The Chinese Zodiac attributes personality traits and fortune by your birth year, but film lovers might find a little more zest in looking up their year’s film releases. Thankfully, 1993 was a good year for pan-Asian representation. Wayne Wang’s The Joy Luck Club, an adaptation of your mahjong auntie’s favorite book in the late ‘80s, was released that year. Vietnam’s biggest movie, The Scent of Green Papaya, a reimagined portrait of the country in tranquility, had made big international splashes in France before coming over to challenge Oliver Stone’s Western lens. Hailing from Hong Kong, Farewell My Concubine set the world ablaze from performances by Leslie Chung and Gong Li.

Ang Lee’s sophomore film, The Wedding Banquet, was the third Asian-led contender for Best Foreign Language at the Oscars alongside The Scent of Green Papaya and Farewell My Concubine. As the world will soon find out, Lee will reveal his belt bangers in the future. Still, The Wedding Banquet did not play around. A film in the ‘90s about a bisexual Asian man as the main character (and not caricature)? Acceptance towards unconventional nuclear families? Ain’t no freakin’ way.

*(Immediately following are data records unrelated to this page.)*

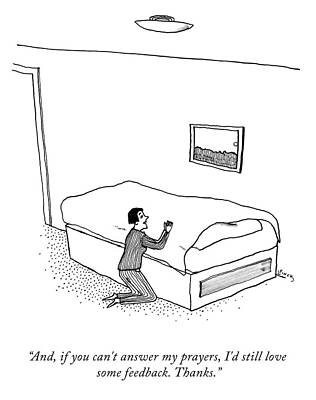 Prayer Drawing - I'd Love Some Feedback by Liana Finck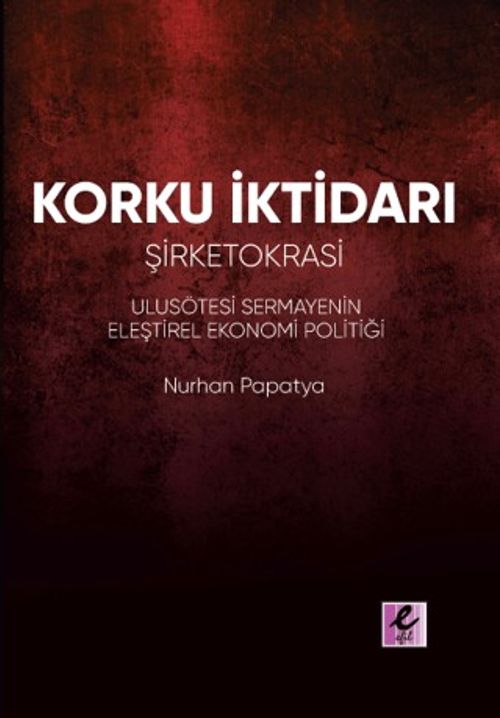 Korku İktidarı & Şirketokrasi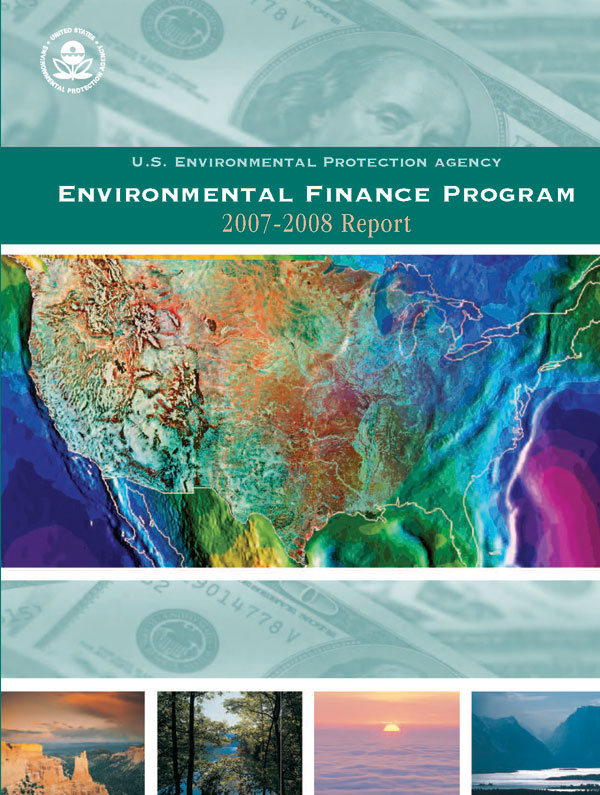 image of 2007-08 Environmental Finance Annual Report's front cover featuring a map of the US, photographs of natural landscapes, and graphics depicting $100 bills.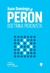 Doctrina peronista - Juan Domingo Peron - Punto de Encuentro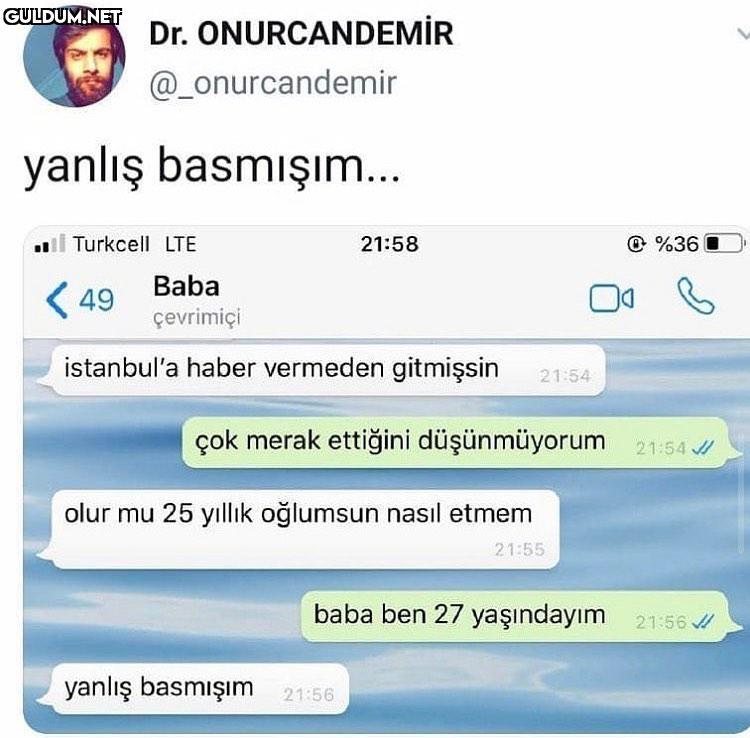 öyle olmusturrr Dr....
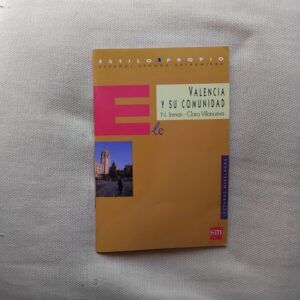 Valencia y su comunidad (Lecturas niveladas), de N. Inman y Clara Villanueva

Thirty years later, Andrew Ahn takes the hot seat in modernizing an already-edgy rom com. It may be a tough task, but Ahn, who approaches lust and internal brokenness with a subdued approach, lets this generation’s fear of indecisiveness become the biggest hurdle. Co-written by Ahn and one of the original screenwriters James Schamus, the film’s new antagonist reflects one of life’s conundrums: we have the ability to do more things than our previous generations — meet more people, mind our mental health, etc. And still, life is not so easy.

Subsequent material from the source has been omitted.